On ne peut pas combattre efficacement l’EI sans essayer de comprendre comment réfléchissent ses chefs. Et leur façon de réfléchir n’entre dans aucun schéma traditionnel. Cette organisation s’estime en guerre permanente contre tous ceux qui n’adhèrent pas à ses thèses et ne prêtent pas allégeance à son «calife», fussent-ils des jihadistes de la première heure. Ses actions militaires répondent uniquement à cette logique, sans prendre en considération leurs possibles conséquences politiques. Comment expliquer, sinon, qu’elle s’attaque en même temps aux chiites, aux Kurdes, aux rebelles syriens, aux autres minorités? Comment comprendre qu’elle prenne des initiatives au risque de se mettre à dos les puissances occidentales, les monarchies du Golfe, la Russie, l’Egypte et, plus récemment, la Turquie? L’EI est en guerre contre le monde tout entier et ne reculera devant rien pour faire avancer son projet d’étendre le califat aussi loin qu’arriveront ses armées.

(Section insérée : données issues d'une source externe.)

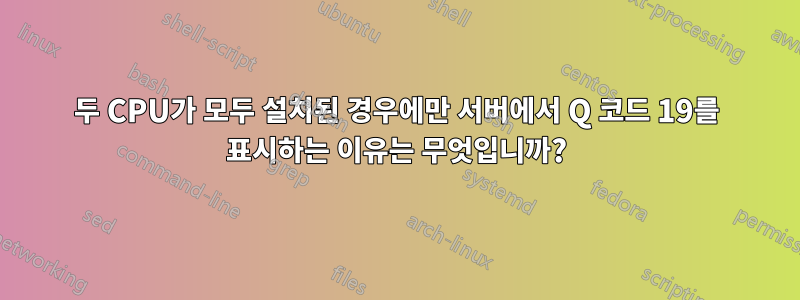 두 CPU가 모두 설치된 경우에만 서버에서 Q 코드 19를 표시하는 이유는 무엇입니까?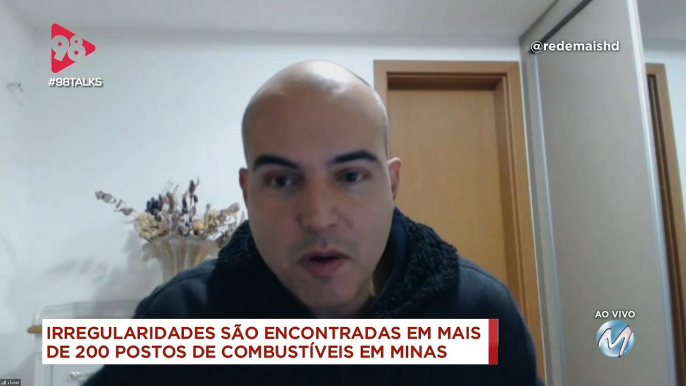 98 Talks | Irregularidades em postos de combustíveis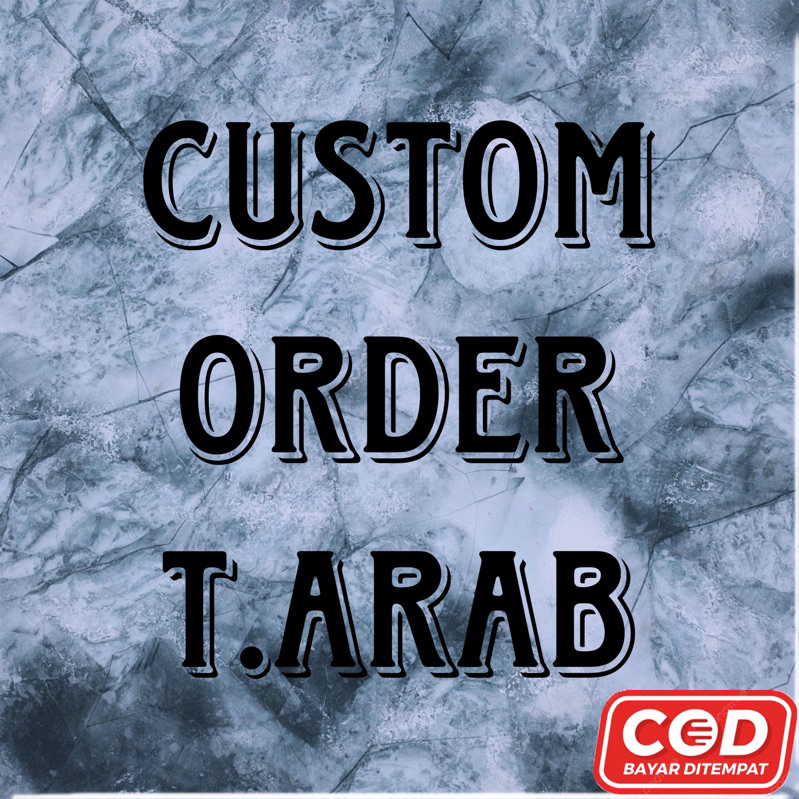 

CUSTOM ORDER T.ARB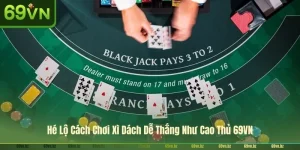 Hé Lộ Cách Chơi Xì Dách Dễ Thắng Như Cao Thủ 69VN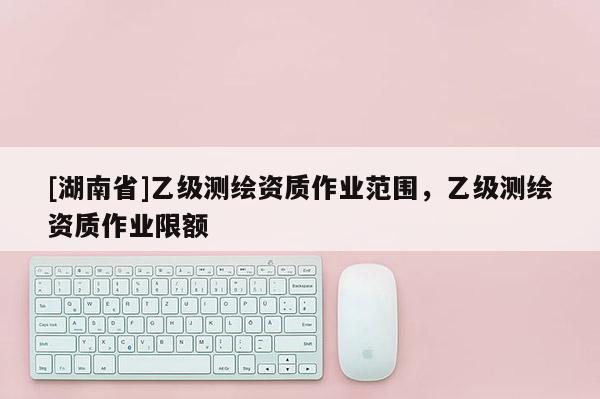 [湖南省]乙級(jí)測(cè)繪資質(zhì)作業(yè)范圍，乙級(jí)測(cè)繪資質(zhì)作業(yè)限額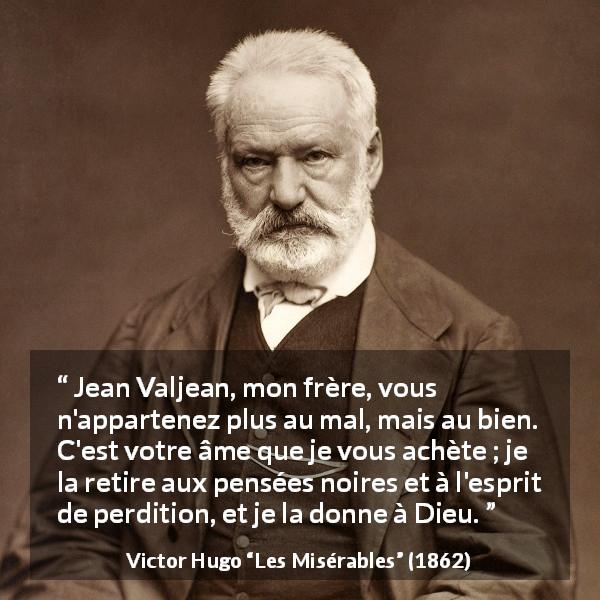 Citation de Victor Hugo sur le mal tirée des Misérables - Jean Valjean, mon frère, vous n'appartenez plus au mal, mais au bien. C'est votre âme que je vous achète ; je la retire aux pensées noires et à l'esprit de perdition, et je la donne à Dieu.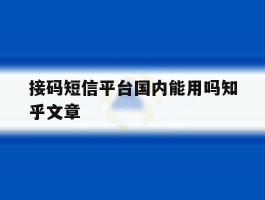 包含接码短信平台国内能用吗知乎文章的词条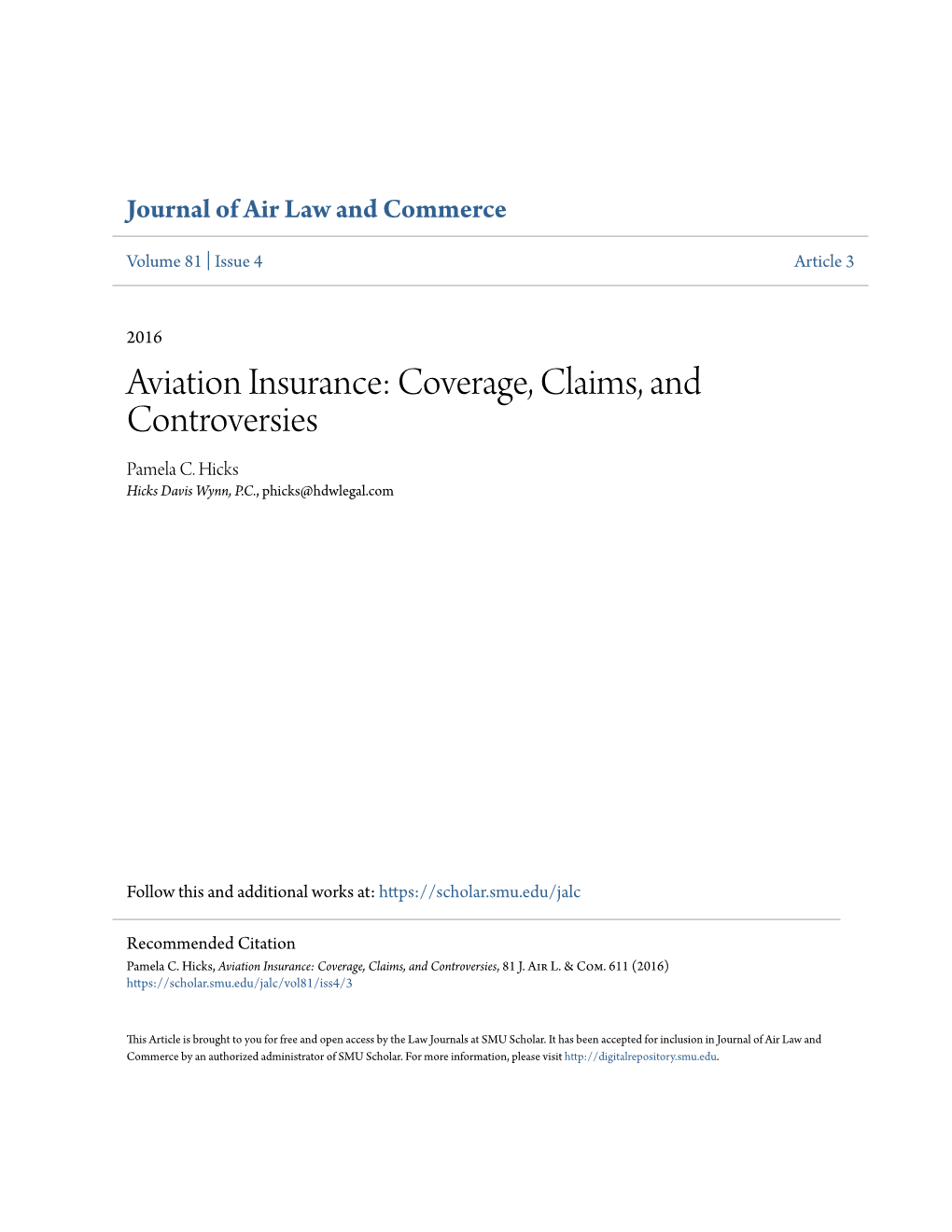 Aviation Insurance: Coverage, Claims, and Controversies Pamela C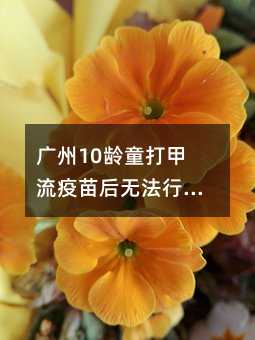 广州10龄童打甲流疫苗后无法行走 曾患轻微咳嗽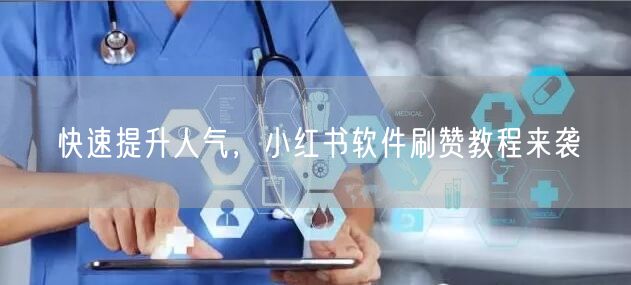 快速提升人气，小红书软件刷赞教程来袭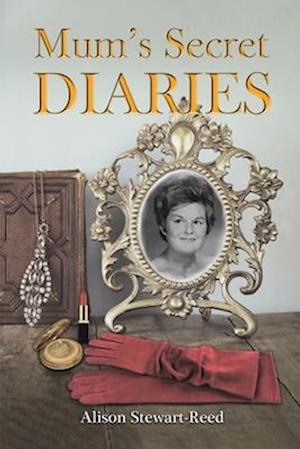 Mum's Secret Diaries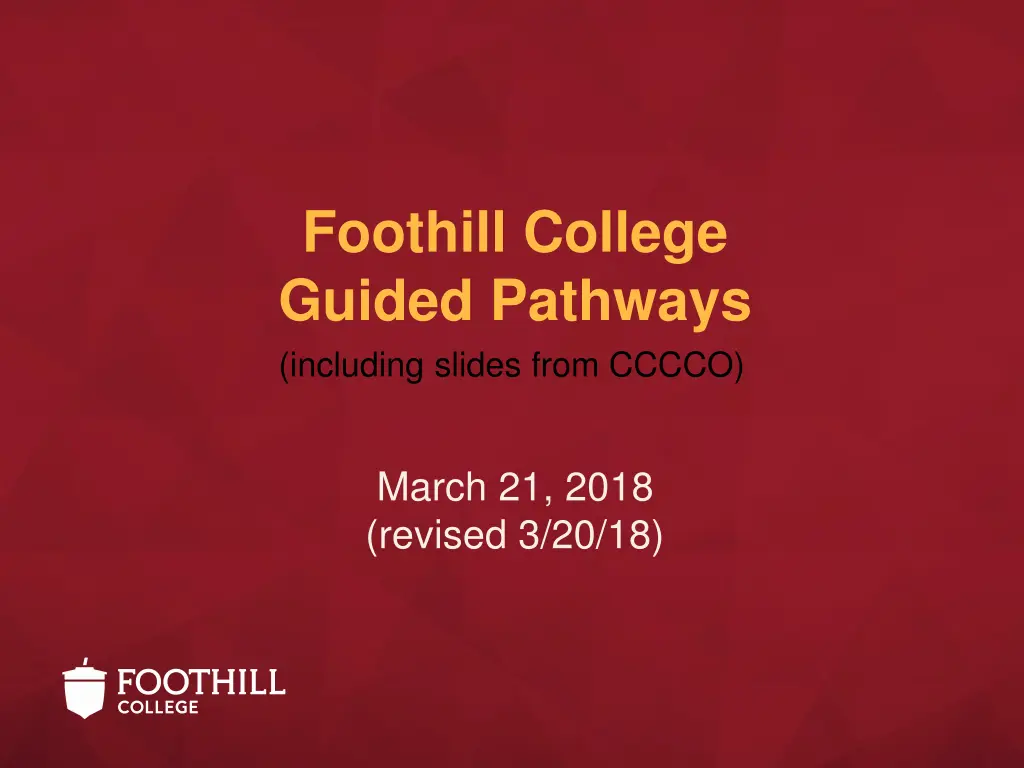 foothill college guided pathways including slides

Cette guerre totale nécessite une riposte globale, qui passe impérativement par une conjugaison des efforts, une coordination de l’action, une mise en commun des moyens et un échange de renseignements, entre tous les acteurs susceptibles de jouer un rôle dans cette confrontation. Une redéfinition des priorités est, forcément, incontournable.
Dans le même temps, il faut assécher le terrain fertile, qui permet à l’EI de se développer et de croître. Des solutions doivent être trouvées aux crises syrienne et yéménite, l’Irak doit réformer son système pour assurer une plus grande participation des sunnites au processus de prise de décision et le Liban doit être durablement stabilisé.
A Vienne et au G 20, les puissances internationales et régionales ont exprimé leur volonté de stopper la guerre syrienne. Au Liban, le chef du Hezbollah, sayyed Hassan Nasrallah, propose une «solution globale» à tous les problèmes du pays. Ces déclarations de bonnes intentions ont maintenant besoin de mécanismes pour être concrétisées. Il faut les imaginer le plus vite possible, car plus le temps passe, plus Daech se renforce.